Кто не имел мастерства, промышлял другим образом. Были способы довольно оригинальные. Иные промышляли, например, одним перекупством, а продавались иногда такие вещи, что и в голову не могло бы прийти кому-нибудь за стенами острога не только покупать и продавать их, но даже считать вещами. Но каторга была очень бедна и чрезвычайно промышленна. Последняя тряпка была в цене и шла в какое-нибудь дело. По бедности же и деньги в остроге имели совершенно другую цену, чем на воле. За большой и сложный труд платилось грошами. Некоторые с успехом промышляли ростовщичеством. Арестант, замотавшийся и разорившийся, нес последние свои вещи ростовщику и получал от него несколько медных денег за ужасные проценты. Если он не выкупал эти вещи в срок, то они безотлагательно и безжалостно продавались; ростовщичество до того процветало, что принимались под залог даже казенные смотровые вещи, как-то: казенное белье, сапожный товар и проч., – вещи, необходимые всякому арестанту во всякий момент. Но при таких закладах случался и другой оборот дела, не совсем, впрочем, неожиданный: заложивший и получивший деньги немедленно, без дальних разговоров, шел к старшему унтер-офицеру, ближайшему начальнику острога, доносил о закладе смотровых вещей, и они тотчас же отбирались у ростовщика обратно, даже без доклада высшему начальству. Любопытно, что при этом иногда даже не было и ссоры: ростовщик молча и угрюмо возвращал что следовало и даже как будто сам ожидал, что так будет. Может быть, он не мог не сознаться в себе, что на месте закладчика и он бы так сделал. И потому если ругался иногда потом, то без всякой злобы, а так только, для очистки совести.

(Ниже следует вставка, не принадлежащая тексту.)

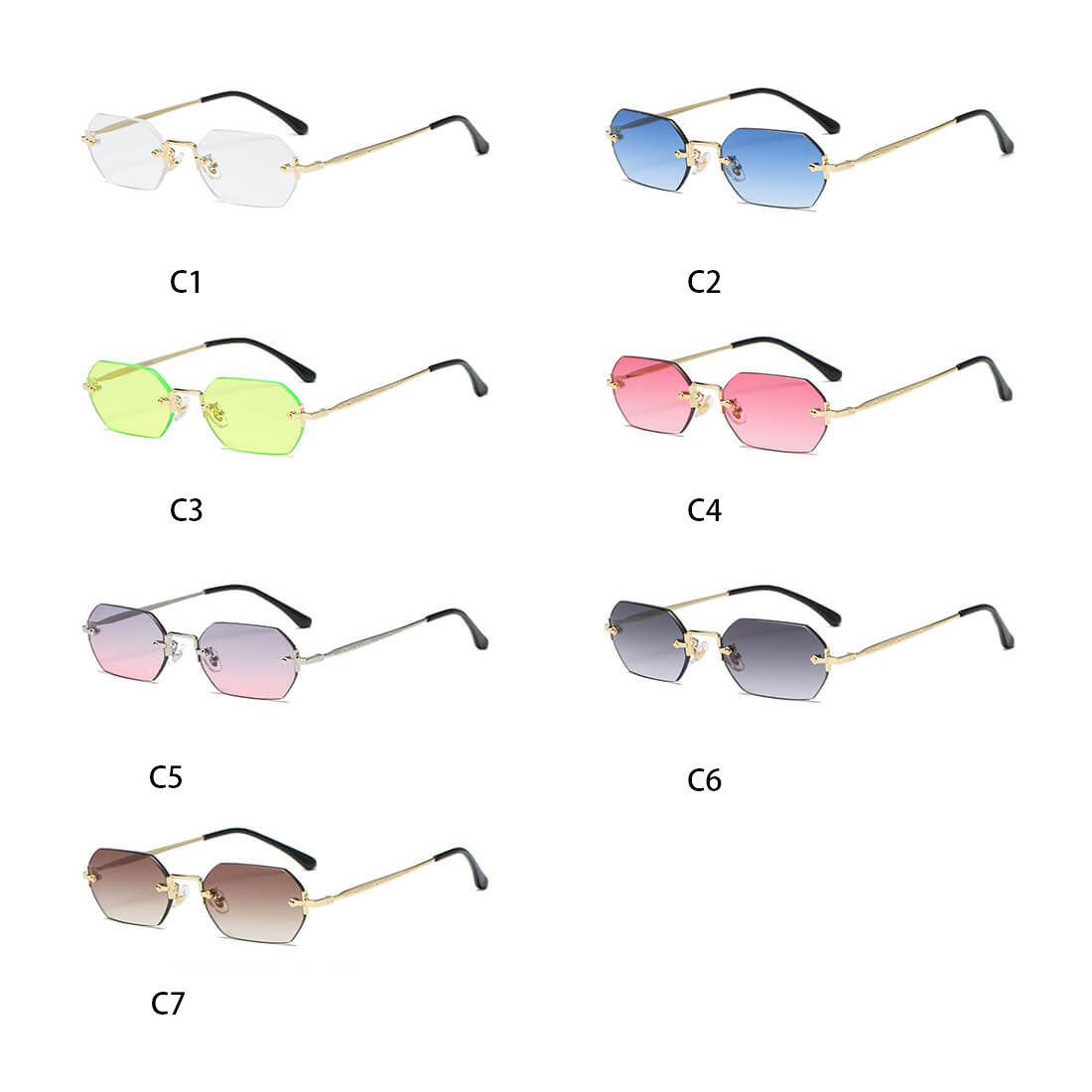 Retro Tinted Small Rectangle Rimless Sunglasses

Вообще все воровали друг у друга ужасно. Почти у каждого был свой сундук с замком, для хранения казенных вещей. Это позволялось; но сундуки не спасали. Я думаю, можно представить, какие были там искусные воры. У меня один арестант, искренно преданный мне человек (говорю это без всякой натяжки), украл Библию, единственную книгу, которую позволялось иметь на каторге; он в тот же день мне сам сознался в этом, не от раскаяния, но жалея меня, потому что я ее долго искал. Были целовальники, торговавшие вином и быстро обогащавшиеся. Об этой продаже я скажу когда-нибудь особенно; она довольно замечательна. В остроге было много пришедших за контрабанду, и потому нечего удивляться, каким образом, при таких осмотрах и конвоях, в острог приносилось вино. Кстати: контрабанда, по характеру своему, какое-то особенное преступление. Можно ли, например, представить себе, что деньги, выгода, у иного контрабандиста играют второстепенную роль, стоят на втором плане? А между тем бывает именно так. Контрабандист работает по страсти, по призванию. Это отчасти поэт. Он рискует всем, идет на страшную опасность, хитрит, изобретает, выпутывается; иногда даже действует по какому-то вдохновению. Это страсть столь же сильная, как и картежная игра. Я знал в остроге одного арестанта, наружностью размера колоссального, но до того кроткого, тихого, смиренного, что нельзя было представить себе, каким образом он очутился в остроге. Он был до того незлобив и уживчив, что все время своего пребывания в остроге ни с кем не поссорился. Но он был с западной границы, пришел за контрабанду и, разумеется, не мог утерпеть и пустился проносить вино. Сколько раз его за это наказывали, и как он боялся розог! Да и самый пронос вина доставлял ему самые ничтожные доходы. От вина обогащался только один антрепренер. Чудак любил искусство для искусства. Он был плаксив как баба и сколько раз, бывало, после наказания, клялся и зарекался не носить контрабанды. С мужеством он преодолевал себя иногда по целому месяцу, но наконец все-таки не выдерживал… Благодаря этим-то личностям вино не оскудевало в остроге.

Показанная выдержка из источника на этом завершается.